Cryptocurrency miners have a high risk of their machines becoming obsolete overnight. With Ethereum's upcoming merge with the Ethereum 2.0 Beacon chain, network mining will become a thing of the past. This means that miners will no longer receive block subsidies, transaction fees, or extractable value from miners (MEV). Instead, transaction fee and MEV revenues will be awarded to users who contribute to network security by staking their coin holdings in increments of 32 ETH.
It may still be some time before the doom of crypto mining releases its grip on our precious gaming GPU stocks. But there is a definite change on the way. Miners can develop machines from the ground up to mine a cryptocurrency very efficiently, producing more hash rate with less electricity. However, it may be difficult to continue mining cryptocurrencies profitably unless there are major changes in the popularity of certain currencies.

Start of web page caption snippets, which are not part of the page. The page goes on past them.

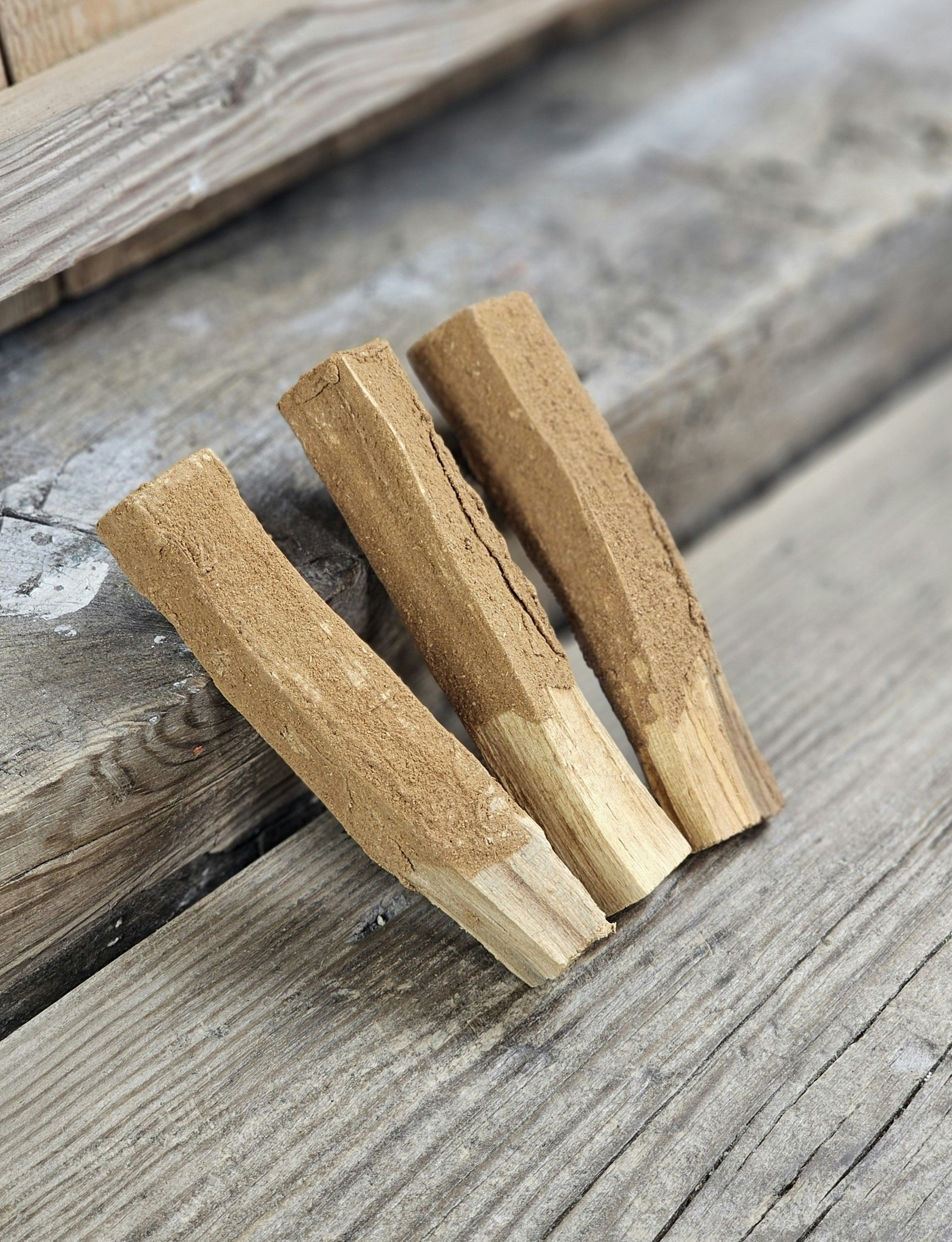Palo Santo (Heligt trä), smudge med Kanel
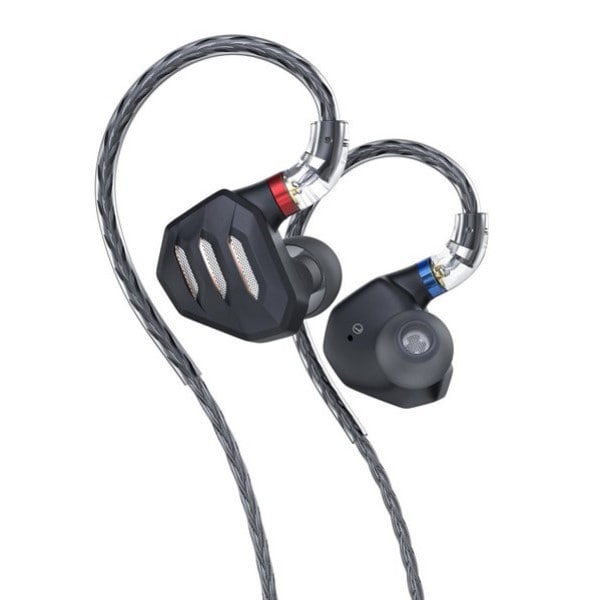 フィーオ FiiOFH7s ハイブリッドドライバー搭載 イヤホン 4BA4＋1DD ブラック FIO-IEM-FH7S-BΩ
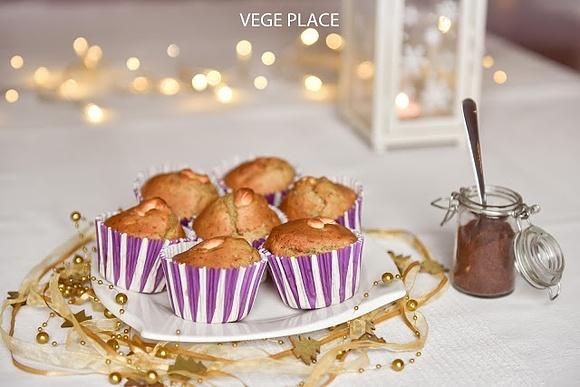 Wegańskie muffiny z proszkiem z pestek winogron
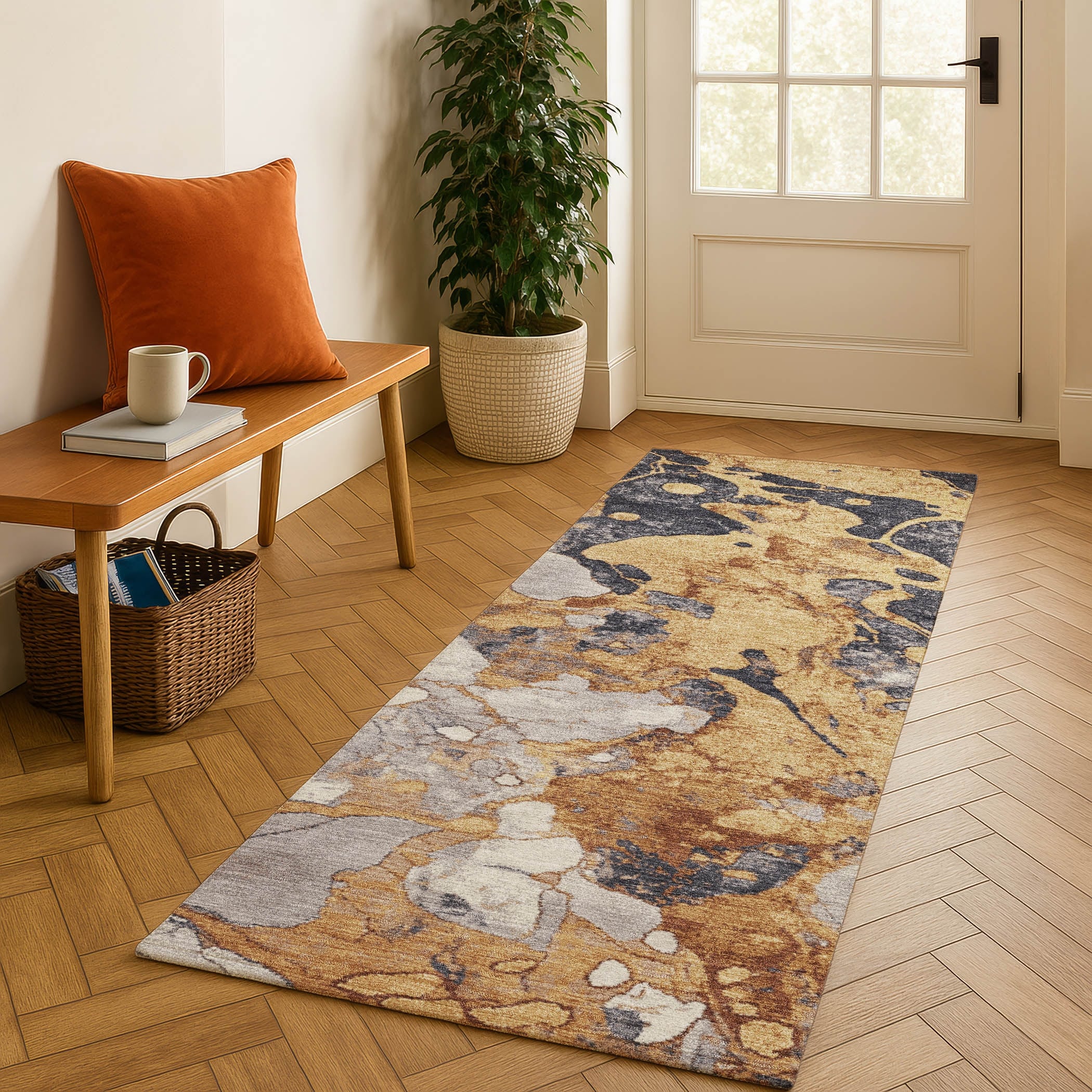 Premium Washable Super Soft Abstract Modern Mayfield Rug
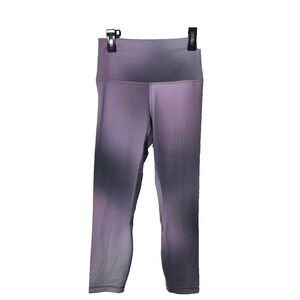 Lululemon Align Leggings Womens 6 Purple Multi  HR Crop 23  NEW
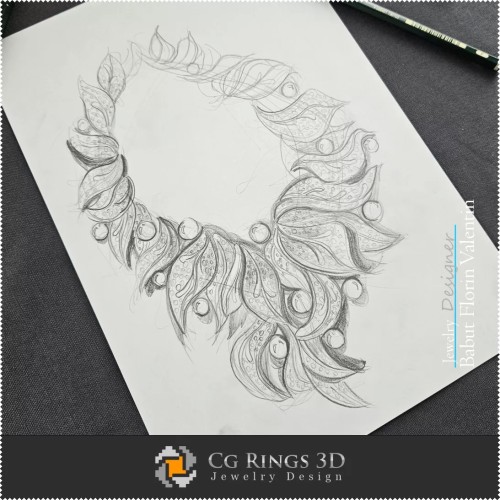 Boceto de Collar-Diseño de Joyería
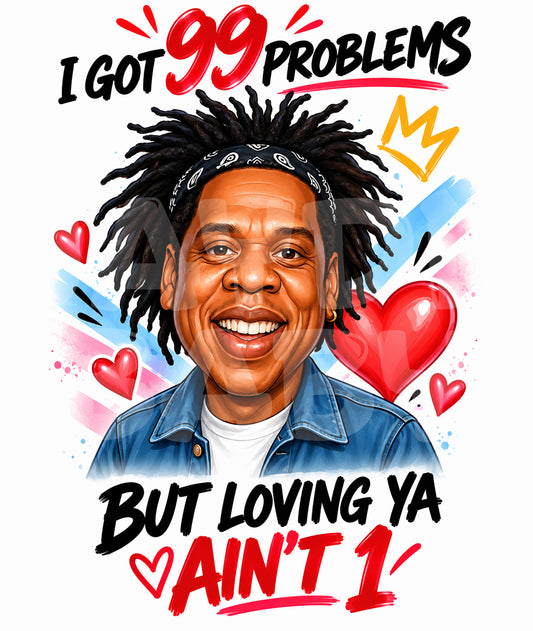 Funny Love Card for Him or Her – I Got 99 Problems But Love Ain’t 1 – Romantic Hip Hop Parody – Valentine’s or Anniversary
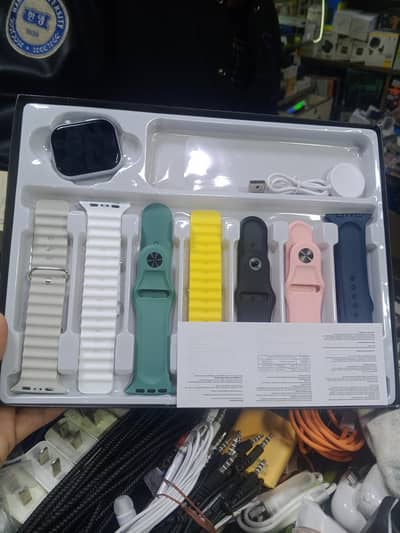  Premium Smart Watch 7-in-1 | Stylish Look | Best Price Only 2100/-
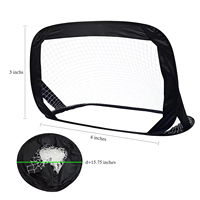 Grand but de football pop-up pour enfants, durable, pliable, filet d'entraînement de football 4x3, cadre en acier, personnalisable, entraînement sportif en plein air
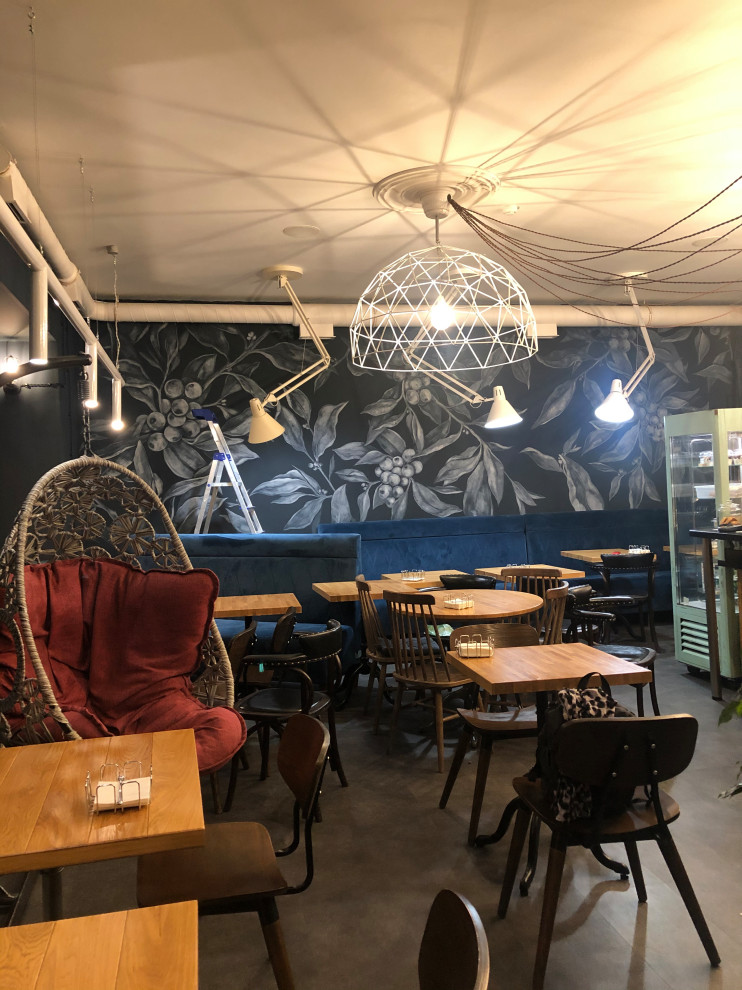 Mural for the Yagoda coffee shop chain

This centrality can be seen once again in China's crypto mining ban; while Ethereum saw a decline of approximately 20%, Bitcoin lost nearly 50% of its total hashing power, demonstrating that a large part of total Bitcoin mining came from certain regions of China. There are other Proof of Work cryptocurrencies that can be mined with consumer hardware for profit; however, with many Ethereum miners looking for new coins to mine, these alternative options may no longer be profitable. These miners will need to transition their graphics cards to mine other coins that are profitable with their equipment, and those coins are significantly smaller than Ethereum, as well as being less profitable to mine. After the merger occurs, mining difficulty will skyrocket due to the “difficulty bomb”, which is a mechanism to eliminate the incentive to mine Ethereum in favor of staking.
This means that it doesn't make sense or at least it's much less profitable to build mining platforms right now.